Collected data:
--

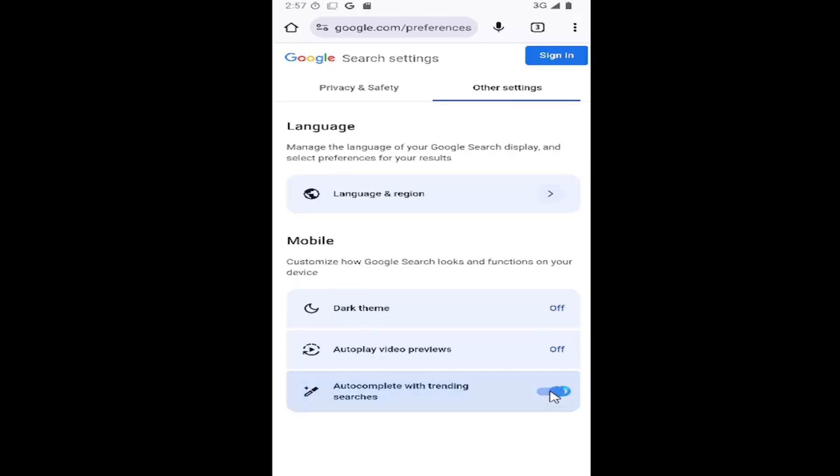If you want to re-enable it, just click inside that oval again. If it's grayed out, it means it's off. If it's lit up blue, it means it's enabled.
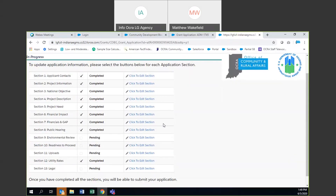This is a good time to point out that Section 12 got completed already and we haven't touched it. The reason it went to complete is because in project information you selected Main Street Revitalization — if you selected that, utility rates are no longer something we are looking for, so it automatically goes to completed. If this is still not completed, check to make sure the program you selected in project information is Main Street Revitalization.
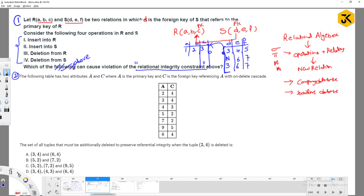Now, when inserting into R — can I insert 4, 5, 6? Yes, there is no problem. So insert into R does not cause a violation. But if I insert into S, say 6, 7, 8 — no violation since 6 exists in R. However, if I try to insert 8, 9, 10 — this causes a violation because 8 is not part of the relation R. So while inserting into S, there is a chance of constraint violation.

--

Problem to solve:
Everything in the listing except the pictures must be reproduced exactly.

Reply:
If you want to re-enable it, just click inside that oval again. If it's grayed out, it means it's off. If it's lit up blue, it means it's enabled.
This is a good time to point out that Section 12 got completed already and we haven't touched it. The reason it went to complete is because in project information you selected Main Street Revitalization — if you selected that, utility rates are no longer something we are looking for, so it automatically goes to completed. If this is still not completed, check to make sure the program you selected in project information is Main Street Revitalization.
Now, when inserting into R — can I insert 4, 5, 6? Yes, there is no problem. So insert into R does not cause a violation. But if I insert into S, say 6, 7, 8 — no violation since 6 exists in R. However, if I try to insert 8, 9, 10 — this causes a violation because 8 is not part of the relation R. So while inserting into S, there is a chance of constraint violation.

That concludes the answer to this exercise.